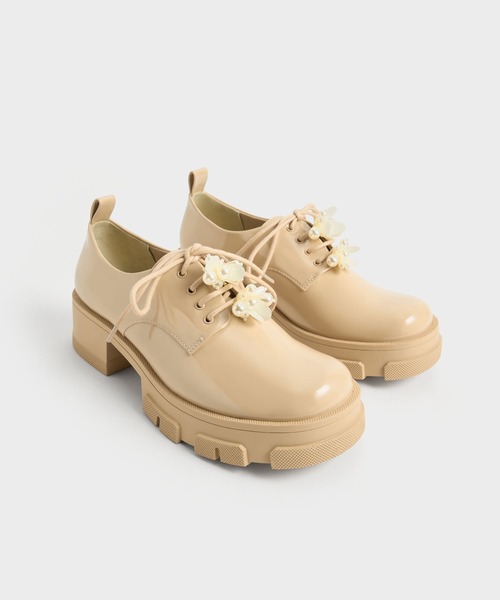 CHARLES & KEITH(チャールズ & キース)の「Hayden ヘイデン ビーズエンベリッシュドパテントオックスフォード(ドレスシューズ・レディース・ブラック/アイボリー・22.5cm/23cm/23.5cm/24.5cm/25cm)」の5枚目の写真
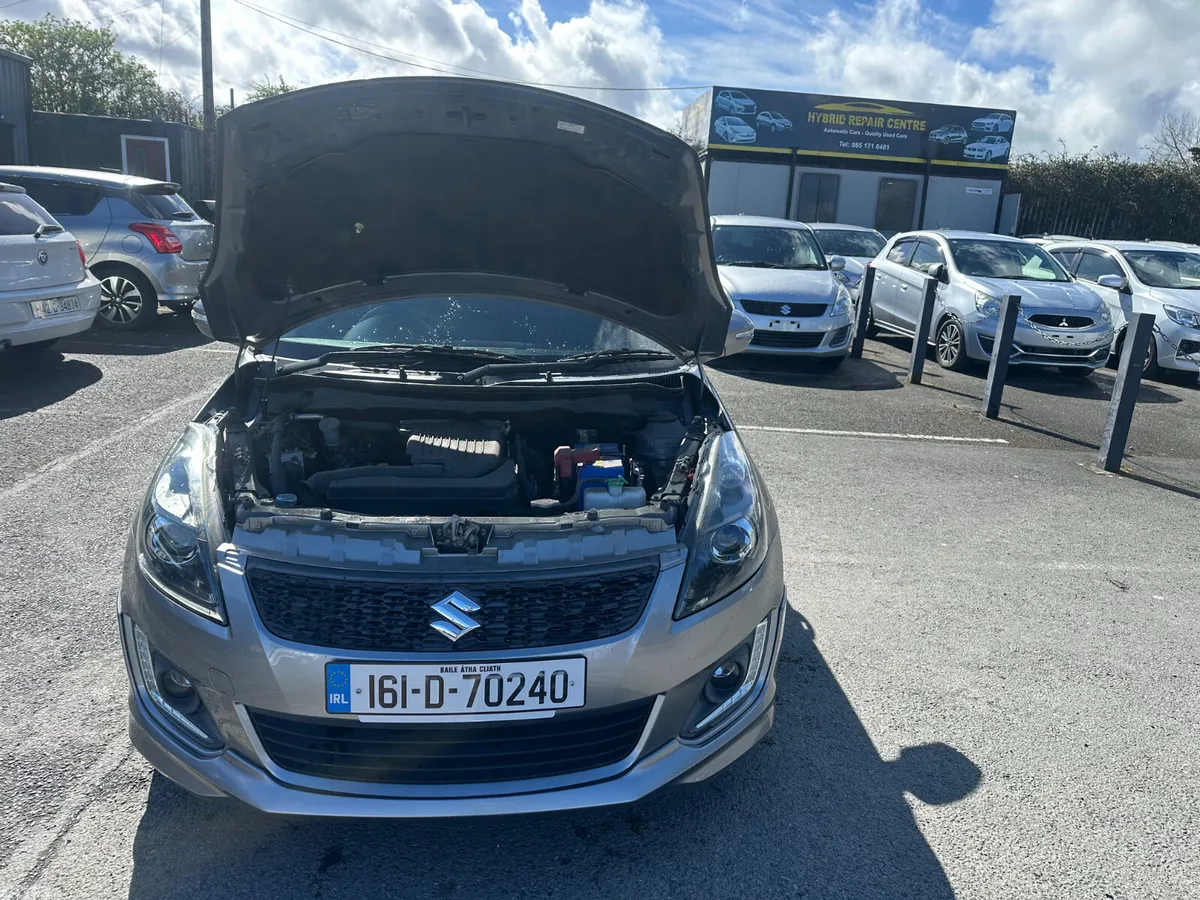 Suzuki Swift Hatchback, Petrol, 2016, Grey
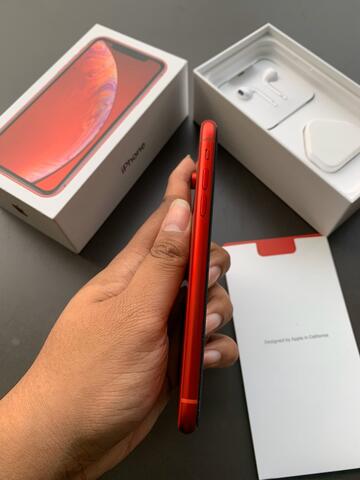 iPhone XR 128GB Red Fullset Mulus Masih Garansi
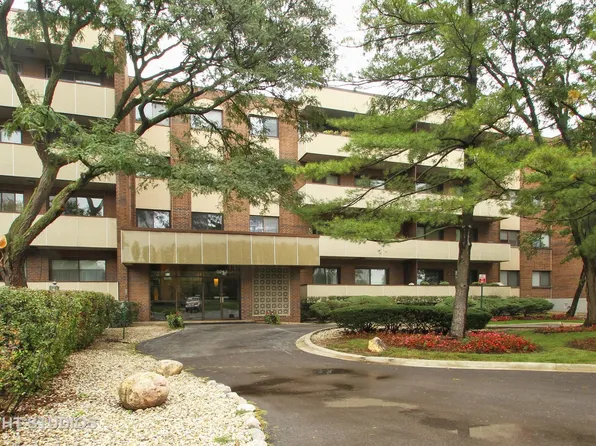 9242 Gross Point Rd #B402, Skokie, IL 60077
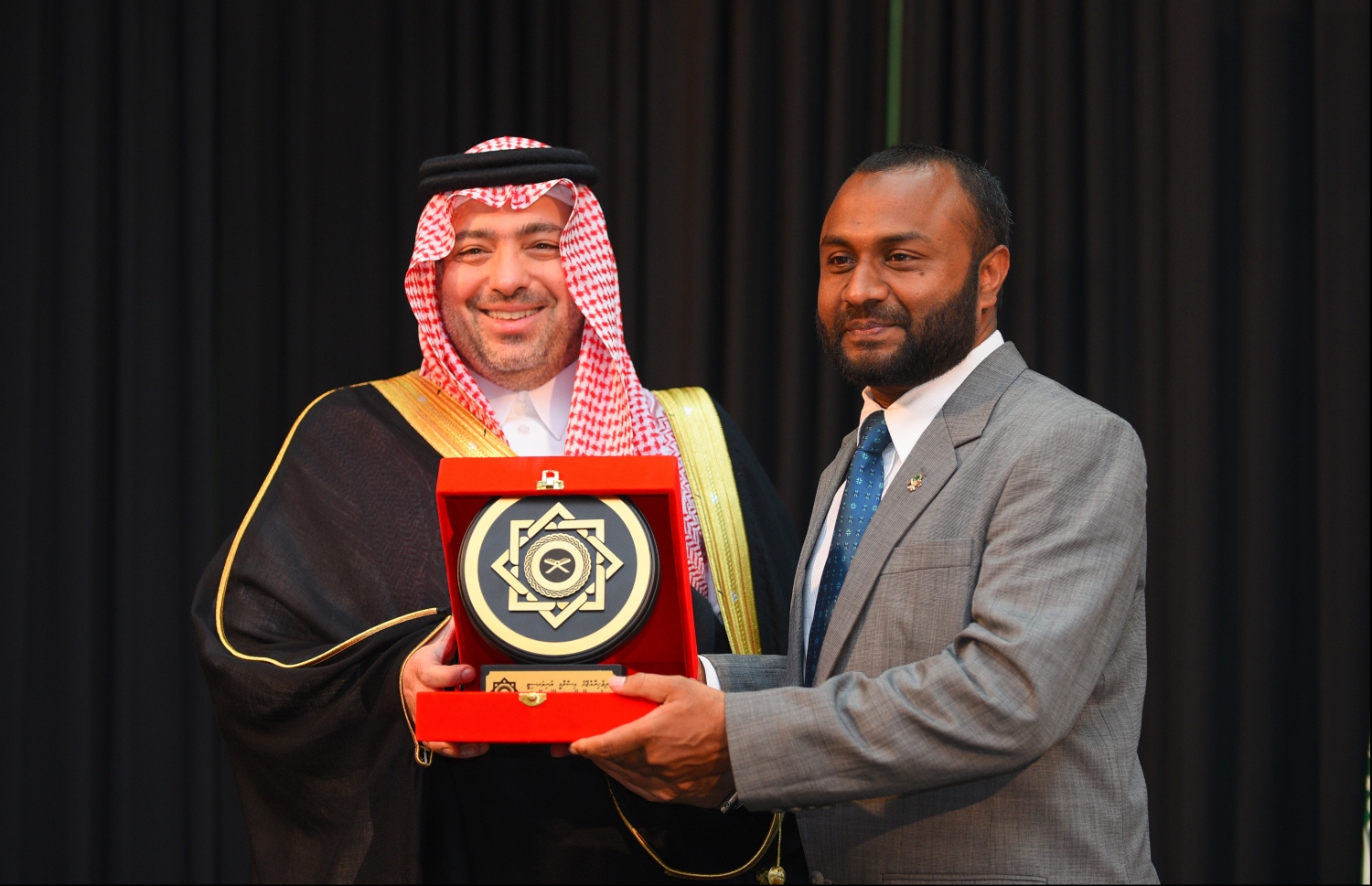 މަދީނާ ޔުނިވަސިޓީގެ ރައީސް ޑރ.ހާތިމަށް، އައިޔޫއެމްގެ ޗާންސެލާ ޑރ. ޝަހީމް ހަނދާނީ އެވޯޑެއް އަރުވަނީ--ފޮޓޯ: ހުސައިން ވަހީދު/މިހާރު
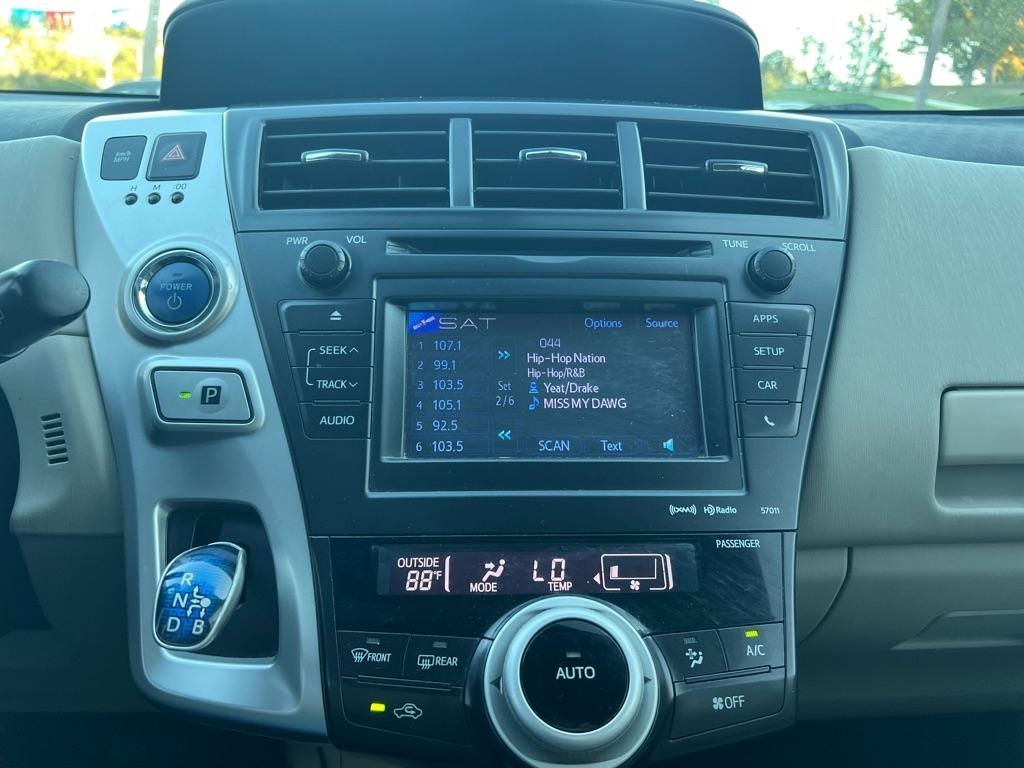 Toyota Prius V Five (Natl) 2013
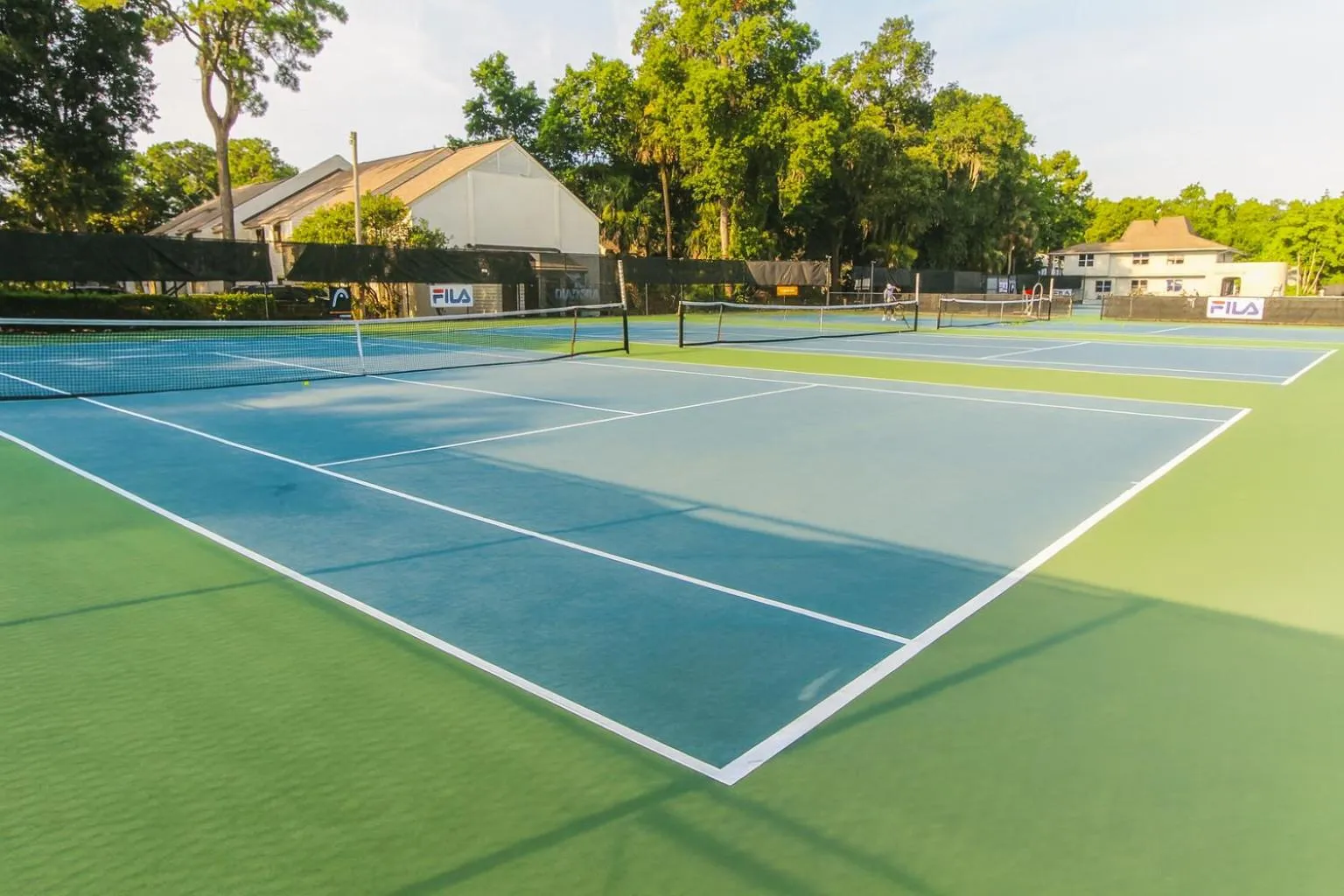 Tennis court in Players Club Resort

*-*-*

## To do
Minus its pictures, the full listing should be copied verbatim.

## Result of this task
 CHARLES & KEITH(チャールズ & キース)の「Hayden ヘイデン ビーズエンベリッシュドパテントオックスフォード(ドレスシューズ・レディース・ブラック/アイボリー・22.5cm/23cm/23.5cm/24.5cm/25cm)」の5枚目の写真
 Suzuki Swift Hatchback, Petrol, 2016, Grey
 iPhone XR 128GB Red Fullset Mulus Masih Garansi
 9242 Gross Point Rd #B402, Skokie, IL 60077
 މަދީނާ ޔުނިވަސިޓީގެ ރައީސް ޑރ.ހާތިމަށް، އައިޔޫއެމްގެ ޗާންސެލާ ޑރ. ޝަހީމް ހަނދާނީ އެވޯޑެއް އަރުވަނީ--ފޮޓޯ: ހުސައިން ވަހީދު/މިހާރު
 Toyota Prius V Five (Natl) 2013
 Tennis court in Players Club Resort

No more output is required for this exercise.